Voilà 32 ans que l’Argentine n’avait pas connu une telle situation économique. Le pays a en effet déclaré en 2022 une inflation annuelle de 94,8%, parmi les plus élevées du monde.
Le précédent record, datant de 1991, marquait la fin d’un cycle de récessions et de périodes d’hyperinflation (3100% d’inflation en 1989, 2300% en 1990. Pour lutter contre cette hyperinflation, les autorités avaient alors aligné le taux de change du peso sur le dollar américain, selon le principe 1 dollar = 1 peso. Cela a permis de reprendre confiance dans la monnaie argentine et d’arrêter l’effet « planche à billets », c’est-à-dire la création à outrance de monnaie par la Banque centrale, ce qui provoquait une inflation rapide.

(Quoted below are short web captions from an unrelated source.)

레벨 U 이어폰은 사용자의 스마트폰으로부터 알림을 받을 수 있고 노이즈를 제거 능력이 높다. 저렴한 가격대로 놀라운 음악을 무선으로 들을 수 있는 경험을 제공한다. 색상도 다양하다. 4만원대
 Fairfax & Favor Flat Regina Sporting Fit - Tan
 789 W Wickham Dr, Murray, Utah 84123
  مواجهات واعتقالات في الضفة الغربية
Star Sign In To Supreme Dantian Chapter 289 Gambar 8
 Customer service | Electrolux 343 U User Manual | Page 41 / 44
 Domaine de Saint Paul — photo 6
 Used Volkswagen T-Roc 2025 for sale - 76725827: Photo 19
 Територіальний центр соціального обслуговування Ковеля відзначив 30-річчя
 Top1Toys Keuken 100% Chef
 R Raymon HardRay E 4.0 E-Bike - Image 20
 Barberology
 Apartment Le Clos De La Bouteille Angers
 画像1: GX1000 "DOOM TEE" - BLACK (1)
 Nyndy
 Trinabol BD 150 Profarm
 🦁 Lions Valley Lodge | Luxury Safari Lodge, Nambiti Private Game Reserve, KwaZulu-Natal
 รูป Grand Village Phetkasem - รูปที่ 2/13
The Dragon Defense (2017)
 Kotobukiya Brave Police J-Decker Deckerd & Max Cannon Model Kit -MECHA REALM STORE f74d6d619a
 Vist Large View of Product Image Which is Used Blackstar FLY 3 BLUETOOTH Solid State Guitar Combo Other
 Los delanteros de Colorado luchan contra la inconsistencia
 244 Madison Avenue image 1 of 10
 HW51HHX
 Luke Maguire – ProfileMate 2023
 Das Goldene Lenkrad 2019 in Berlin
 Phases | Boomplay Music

Malgré ces mesures, voilà plusieurs décennies que l’Argentine connaît une inflation chronique. Celle-ci prend sa source dans des causes aussi bien internes qu’externes et s’inscrit en lien avec les crises qui ont fragilisé le pays et entravé son développement.
Une histoire économique compliquée et volatile
Depuis les années 1970, la croissance économique argentine est volatile, alternant entre périodes de forte croissance et crises.
Cette instabilité reflète notamment les nombreux changements de politique économique impulsés par les différents gouvernements qui se sont succédé à Buenos Aires. En outre, une combinaison de facteurs structurels et conjoncturels a affecté la dynamique d’inflation du pays. Des anticipations d’inflation future qui ne sont pas stables, le financement substantiel du budget de l’État par la Banque centrale via de la création monétaire et des anticipations de dévaluation de la monnaie ont créé des pressions inflationnistes, la Banque centrale ayant abandonné sa politique de ciblage d’inflation de 2012 à 2016.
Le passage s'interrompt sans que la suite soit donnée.